Following his account of the conversation between Nicodemus and Jesus, the evangelist comments on its significance in 3:16–21.
He begins his comments with the much-loved words For God so loved the world that he gave his one and only Son, that whoever believes in him shall not perish but have eternal life.
Traditionally, the first part of 3:16 has been interpreted to highlight the ‘degree’ of God’s love for the world, i.e. ‘how much’ he loved the world: ‘For God so loved the world that he gave his one and only Son’.
While it may be said that the degree of God’s love for the world is demonstrated in the giving of his Son, this may not be what the evangelist is saying here.
The word translated ‘so’ (understood by most to mean ‘so much’) is houtōs, a word used frequently elsewhere in the Fourth Gospel, never to denote degree (how much) but always manner (in what way) (8, 14; 4:6; 5:21, 26; 7:46; 11:48; 12:50; 13:25; 14:31; 15:4; 18:22; 21:1).
Further, houtōs, indicating ‘in what way’, always refers back to something previously mentioned, not something about to be explained.
Allowing these things to guide us, we should translate the first part of 3:16 as follows: ‘For in this way (referring to something already mentioned) God loved the world …’ An understanding of the way God loved the world, then, is to be sought in the preceding verses, 3:14–15, where Jesus speaks of the Son of Man being ‘lifted up’ as the snake was lifted up on the pole by Moses.

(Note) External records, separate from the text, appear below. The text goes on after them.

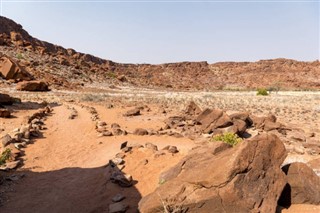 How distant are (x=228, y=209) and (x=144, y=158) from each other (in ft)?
16.6

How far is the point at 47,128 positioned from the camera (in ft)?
54.6

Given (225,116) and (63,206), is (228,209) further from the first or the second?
(225,116)

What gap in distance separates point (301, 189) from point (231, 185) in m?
2.08

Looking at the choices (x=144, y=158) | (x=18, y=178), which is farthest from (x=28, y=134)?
(x=144, y=158)

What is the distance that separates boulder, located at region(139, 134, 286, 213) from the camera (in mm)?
6160

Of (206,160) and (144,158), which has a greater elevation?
(206,160)

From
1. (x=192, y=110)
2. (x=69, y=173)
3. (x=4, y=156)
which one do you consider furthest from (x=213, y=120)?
(x=4, y=156)

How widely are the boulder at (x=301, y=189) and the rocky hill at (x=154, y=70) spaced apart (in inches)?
1965

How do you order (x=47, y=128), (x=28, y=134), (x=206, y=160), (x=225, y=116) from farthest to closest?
(x=47, y=128)
(x=225, y=116)
(x=28, y=134)
(x=206, y=160)

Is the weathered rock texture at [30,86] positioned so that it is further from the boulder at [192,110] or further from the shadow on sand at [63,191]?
the shadow on sand at [63,191]

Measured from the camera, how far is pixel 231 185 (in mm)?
6188

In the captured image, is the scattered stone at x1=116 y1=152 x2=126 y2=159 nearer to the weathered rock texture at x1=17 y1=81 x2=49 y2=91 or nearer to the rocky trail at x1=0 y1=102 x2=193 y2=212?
the rocky trail at x1=0 y1=102 x2=193 y2=212

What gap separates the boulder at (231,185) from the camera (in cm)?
616

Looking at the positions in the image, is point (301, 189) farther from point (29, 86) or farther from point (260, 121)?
point (29, 86) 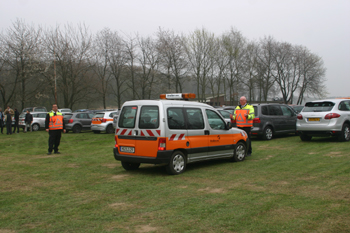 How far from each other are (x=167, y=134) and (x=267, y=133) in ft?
29.9

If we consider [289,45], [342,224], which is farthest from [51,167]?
[289,45]

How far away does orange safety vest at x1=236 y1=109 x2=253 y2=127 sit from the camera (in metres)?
10.5

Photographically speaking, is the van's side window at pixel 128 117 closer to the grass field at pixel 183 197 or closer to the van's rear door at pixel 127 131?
the van's rear door at pixel 127 131

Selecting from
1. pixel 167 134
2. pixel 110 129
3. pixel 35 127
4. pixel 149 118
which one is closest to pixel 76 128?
pixel 110 129

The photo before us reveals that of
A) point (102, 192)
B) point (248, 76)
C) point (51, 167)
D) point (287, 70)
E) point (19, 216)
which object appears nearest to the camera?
point (19, 216)

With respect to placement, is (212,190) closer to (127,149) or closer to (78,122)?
(127,149)

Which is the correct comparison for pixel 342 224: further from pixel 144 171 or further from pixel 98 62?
pixel 98 62

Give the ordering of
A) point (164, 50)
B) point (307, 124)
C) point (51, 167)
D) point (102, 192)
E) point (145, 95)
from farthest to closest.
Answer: point (145, 95), point (164, 50), point (307, 124), point (51, 167), point (102, 192)

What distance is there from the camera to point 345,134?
1328 centimetres

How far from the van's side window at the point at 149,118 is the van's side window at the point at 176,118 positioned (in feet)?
1.08

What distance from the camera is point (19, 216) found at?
4961 millimetres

This means that the rest of 3:16 really belongs with what follows in 3:17.
Thus the thought of 3:14–17 may be set out as follows, the two main clauses being in italics:
Just as Moses lifted up the snake in the desert,
in the same way the Son of Man must be lifted up,
that everyone who believes in him may have eternal life,
for in this way God loved the world;
And so [as a consequence of this love] he gave his one and only Son,
that whoever believes in him shall not perish but have
eternal life, for God did not send his Son into the world
to condemn the world,
but to save the world through him.
There are no great theological differences between this approach and the more traditional approach to these verses.
However, it is closer to what the evangelist actually wrote in this passage.

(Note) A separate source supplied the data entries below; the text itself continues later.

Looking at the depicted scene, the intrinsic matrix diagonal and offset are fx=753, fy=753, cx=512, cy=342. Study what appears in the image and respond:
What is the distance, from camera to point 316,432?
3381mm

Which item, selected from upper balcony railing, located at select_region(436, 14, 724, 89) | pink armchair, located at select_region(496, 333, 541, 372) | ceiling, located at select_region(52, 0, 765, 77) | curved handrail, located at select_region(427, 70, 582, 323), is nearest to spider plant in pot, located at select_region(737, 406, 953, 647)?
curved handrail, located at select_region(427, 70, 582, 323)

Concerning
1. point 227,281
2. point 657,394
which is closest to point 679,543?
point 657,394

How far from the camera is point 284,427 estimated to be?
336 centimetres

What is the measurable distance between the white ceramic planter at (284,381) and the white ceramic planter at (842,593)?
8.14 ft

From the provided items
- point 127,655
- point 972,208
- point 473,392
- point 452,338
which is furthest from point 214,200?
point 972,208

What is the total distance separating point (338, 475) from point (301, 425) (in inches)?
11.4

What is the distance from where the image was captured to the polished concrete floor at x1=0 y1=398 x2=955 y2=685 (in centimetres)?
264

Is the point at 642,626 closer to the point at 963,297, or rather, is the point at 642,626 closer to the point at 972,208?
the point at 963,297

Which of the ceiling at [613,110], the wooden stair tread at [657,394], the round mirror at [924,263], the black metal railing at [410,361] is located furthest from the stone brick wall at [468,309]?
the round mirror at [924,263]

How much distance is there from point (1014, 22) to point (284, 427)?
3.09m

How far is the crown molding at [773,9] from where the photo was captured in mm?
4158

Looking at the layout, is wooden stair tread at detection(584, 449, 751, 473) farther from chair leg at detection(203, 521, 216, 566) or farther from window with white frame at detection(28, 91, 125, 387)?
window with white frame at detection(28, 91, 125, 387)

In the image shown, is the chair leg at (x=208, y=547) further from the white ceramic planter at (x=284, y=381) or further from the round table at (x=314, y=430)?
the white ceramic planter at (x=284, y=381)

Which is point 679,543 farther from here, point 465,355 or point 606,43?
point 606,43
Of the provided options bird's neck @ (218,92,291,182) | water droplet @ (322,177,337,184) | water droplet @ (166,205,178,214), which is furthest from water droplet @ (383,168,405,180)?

When the evangelist says ‘for God so loved the world’, the word ‘world’ signifies humanity in general.
It was God’s love for all humanity that led him to give his ‘one and only’ (ton mongenē) Son.
In some older translations monogenēs is translated as ‘only begotten’, but this is misleading, for the word monogenēs emphasizes uniqueness, not ‘begottenness’ (see Additional note: Monogenēs, pp.
71–72).
What the text is saying, therefore, is that God had only one Son, and because of his love for humanity he gave him to make eternal life available to the world.
The purpose for giving his only Son was so ‘that whoever believes in him shall not perish but have eternal life’.